Edison, NJ – OSHA has cited Bentley Laboratories LLC and Joulé Clinical & Scientific Staffing Solutions for allegedly exposing as many as 50 temporary workers to health and safety hazards. Bentley Laboratories manufactures products for the beauty and pharmaceutical industries and Joule Clinical & Scientific Staffing Solutions (headquartered in Pittsburgh, PA) provides staffing services to Bentley Laboratories.
“We see these kinds of violations frequently, especially in the case of temporary workers,” said Patricia Jones, director of OSHA’s Avenel Area Office. “Both the hiring company and the staffing agency are legally responsible for the safety and health of their workers.

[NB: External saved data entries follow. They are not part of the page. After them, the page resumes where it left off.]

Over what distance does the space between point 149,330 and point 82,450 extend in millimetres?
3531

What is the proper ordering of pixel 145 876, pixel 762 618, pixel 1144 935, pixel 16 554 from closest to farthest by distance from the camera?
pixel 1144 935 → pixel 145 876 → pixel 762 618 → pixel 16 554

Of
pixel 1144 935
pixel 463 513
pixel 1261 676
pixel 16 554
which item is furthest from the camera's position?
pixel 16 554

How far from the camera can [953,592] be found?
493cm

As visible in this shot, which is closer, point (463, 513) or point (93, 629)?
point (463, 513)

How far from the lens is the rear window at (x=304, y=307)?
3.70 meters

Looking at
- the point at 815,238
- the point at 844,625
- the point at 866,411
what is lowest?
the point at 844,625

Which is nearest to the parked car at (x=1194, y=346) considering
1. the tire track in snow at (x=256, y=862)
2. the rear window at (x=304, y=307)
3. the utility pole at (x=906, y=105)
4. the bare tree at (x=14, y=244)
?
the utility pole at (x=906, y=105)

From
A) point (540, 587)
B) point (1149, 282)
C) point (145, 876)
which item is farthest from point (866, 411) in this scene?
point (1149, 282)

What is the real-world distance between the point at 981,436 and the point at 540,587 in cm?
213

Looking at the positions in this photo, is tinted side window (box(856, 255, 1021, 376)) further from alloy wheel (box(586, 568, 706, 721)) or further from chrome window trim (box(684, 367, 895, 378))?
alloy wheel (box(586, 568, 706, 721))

In response to a complaint, OSHA initiated an inspection at Bentley Labs in October, 2014. They allege 14 serious violations, carrying $45,000 in potential fines. According to OSHA, Bentley failed to: train workers on chemical hazards; maintain a hearing conservation program for employees exposed to excessive noise; develop procedures and training to control potentially hazardous energy; and properly guard machines to prevent amputations. These types of Lockout/Tagout measures are key to safety in the workplace. If you’ve been in a similar situation and sustained damage due to this kind of negligence, it might be time to get some legal support from someone similar to Las Vegas Workers Compensation Lawyer.
For it’s part, Joulé Clinical & Scientific Staffing Solutions was cited with three serious violations and proposed fines of $8,000 for not having a hazardous communication program or training related to hazardous chemicals and energy-control procedures.